I get teased by my friends because I have a weird ability to correlate bird brains in nearly every conversation, but I promise I’ll keep the sciency stuff to a brief remark:
Birds were here long before humans. Duh. They’re essentially dinosaurs. But that’s where their relation to lizards ends. In fact, bird brains evolved to address complex problem solving and social structuring much like what we’ve had to do. The kicker? Their brains look and operate different from ours, but still reach the same goals. Mind blowing, right?!
But back to my back yard. Having a basic understanding that there are little ideas rattling around in those tiny beaked heads makes them so fun and interesting to observe. So for this post I just wanted to list my bird feeder’s frequent fliers (ha!) and the basic things I’ve observed from my office window.
For context, here is the bird feeder I use. It’s a mesh-guarded cylinder with four u-shaped landing rings on the bottom.
Wearing spotted black wings, a white shirt, and a little red backwards cap, the Downy Woodpecker visits nearly every day. He’s too big for my feeder, but has improvised by hanging at the edge of the landing rings and reaching his head around to one of the side openings. He’s not quite a bully, but definitely prefers to dine alone.
These are just tiny brown birds. They typically hop around on the ground below the feeder to snack on fallen seeds, but occasionally 4 or 5 will all be perched if the coast is clear. Sometimes a cloud of them will swarm inside a lilac bush that’s in my backyard and they’ll chirp and chase each other around until suddenly flying off!
*Note* Just the other day I witnessed two mating near the fire pit on my concrete pad. At first they “locked” necks and rolled around as if they were wrestling, then the male strutted back and forth in front of the female with wings partially out like a human with hands on their hips. Definitely bizarre, definitely cute.
The males have a reddish head that eventually bleeds down into brown and white patterned feathers. There is usually only one at a time and they spend as long as they want on the feeder.
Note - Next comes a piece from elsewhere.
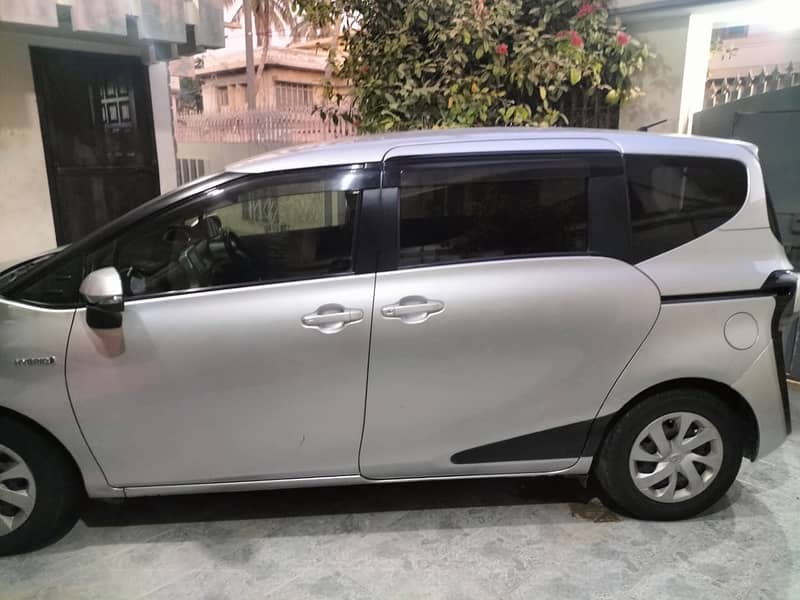 Toyota Sienta G-led Hybrid 2017 4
This solid red bird wears a black eye-mask that always makes him looks grumpy, like you just woke him up. My wife calls him Cardi B. He chirps incessantly from a tree before finally landing on the feeder. Then he picks out the seeds that aren’t his favorites and tosses them on the ground. Judging by the pile on the ground, it would seem that he is very hard to please.
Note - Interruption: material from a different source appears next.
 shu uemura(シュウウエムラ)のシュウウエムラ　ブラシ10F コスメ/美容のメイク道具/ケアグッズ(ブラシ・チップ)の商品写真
There is always one male and one female hanging around our yard, but this winter we were fortunate enough to see up to 10 at a time fluttering around the feeder! The bright crimson color is always beautiful against the backdrop of undisturbed snow.
These entertaining birds are tiny and grey. They have a black “cap” over their entire heads that’s separated by a white stripe on other side. I love them because they travel in pairs and always take turns at the feeder. One will grab a seed, flutter back to the lilac bush, then the other will zip over to the feeder. Watching them go back and forth is the epitome of cute politeness.
By far my favorite visitor, this little slate-blue bird has a white breast and a scrunched posture that makes him look as if his neck is constantly being tickled. He flies solo and ALWAYS lands on the grating of the feeder and eats upside down! When he’s finished, I love watching him “walk” up and down tree trunks and telephone poles as if they were level. Truly a goofy character.
This was an odd, cloudy day in the fall of 2018. I had gotten home from running errands and went to look out the back window. Suddenly there were dozens of bright yellow birds with black wings in the yard with nearly ten of them perched on the feeder/feeder pole alone! They hung out for a bit, then disappeared. I haven’t had a chance to see them since. Passing through on their way to breeding grounds, perhaps?
And finally, the Juncos. They are extremely similar to the House Sparrows, except they’re solid grey with darker heads and white beaks. They are more than content to hop around on the ground and pick up seeds that were dropped by the other birds.
And there you have it! These are all very common species in the Midwest, yet they all have their own behaviors that are unique to themselves, and not so different from our own. Whether it be the grumpy husband-like Cardinal, or the turn-taking Chickadees, or the inexplicable eccentricity of the Nuthatch, we can always find a little of ourselves in their personalities.